Saint Andrew of Crete also taught something similar:
The constraints of infertility were destroyed — prayer, upright manner of life, these rendered them fruitful; the childless begat a Child, and the childless woman was made an happy mother. Thus the immaculate Fruition issuing forth from the womb occurred from an infertile mother, and then the parents, in the first blossoming of Her growth brought Her to the temple and dedicated Her to God.
So, we can affirm the wording but not necessarily the RC import into what it means. For those interested in the topic, the following link collects what I think are the closest passages we have to an endorsement of the IC, though they do not quite get at the same point. Nevertheless, I think that my original article topic shows that the fathers taught the Theotokos had gnomic willing.

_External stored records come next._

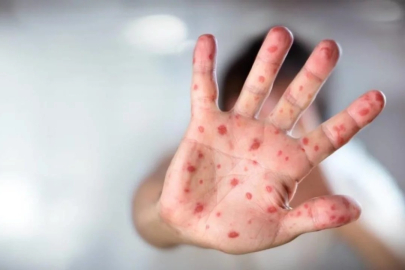 Başkentte salgın alarmı! 7 okul harekete geçti..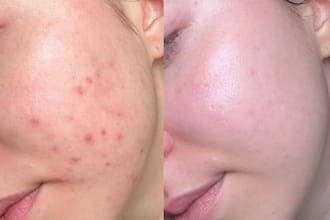 solve your skin and hair problem being a dermatologist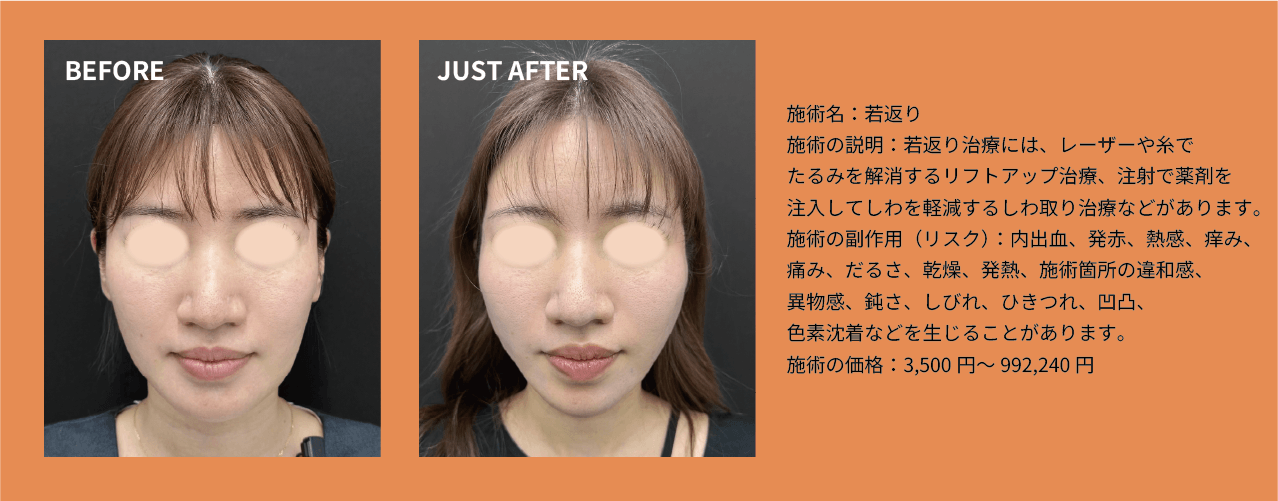 糸リフト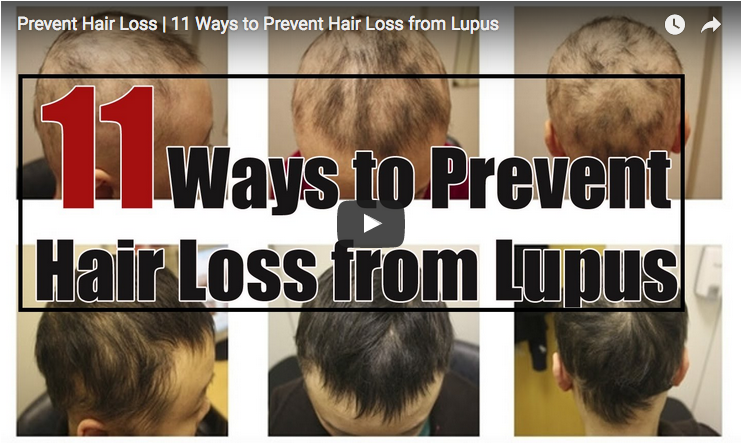 11 Tips to Help Prevent Lupus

I have heard conflicting thing pertaining to Saint Maximus’ teaching on gnomic willing and whether it precedes the fall or not. So, the Theotokos having such would mean her will was not yet deified. The iconography also appears to imply that the Theotokos is corruptible as Jesus receives the Theotokos’ soul and the assumption of her body into heaven may not be according to her own power (unlike Jesus Christ, who by nature could not remain dead and had the authority to raise Himself up, John 2:19). This is a nuanced topic without easier answers.
Due to Albrecht citing Christological heresy, an Origenist heresy, and initiating ad hominem attacks, Deacon Joseph was the winner of this debate. The losers were Albrecht (who failed to make a single factual statement and used aggressive, bullying tactics) and the audience, who learned pretty much nothing from the debate itself.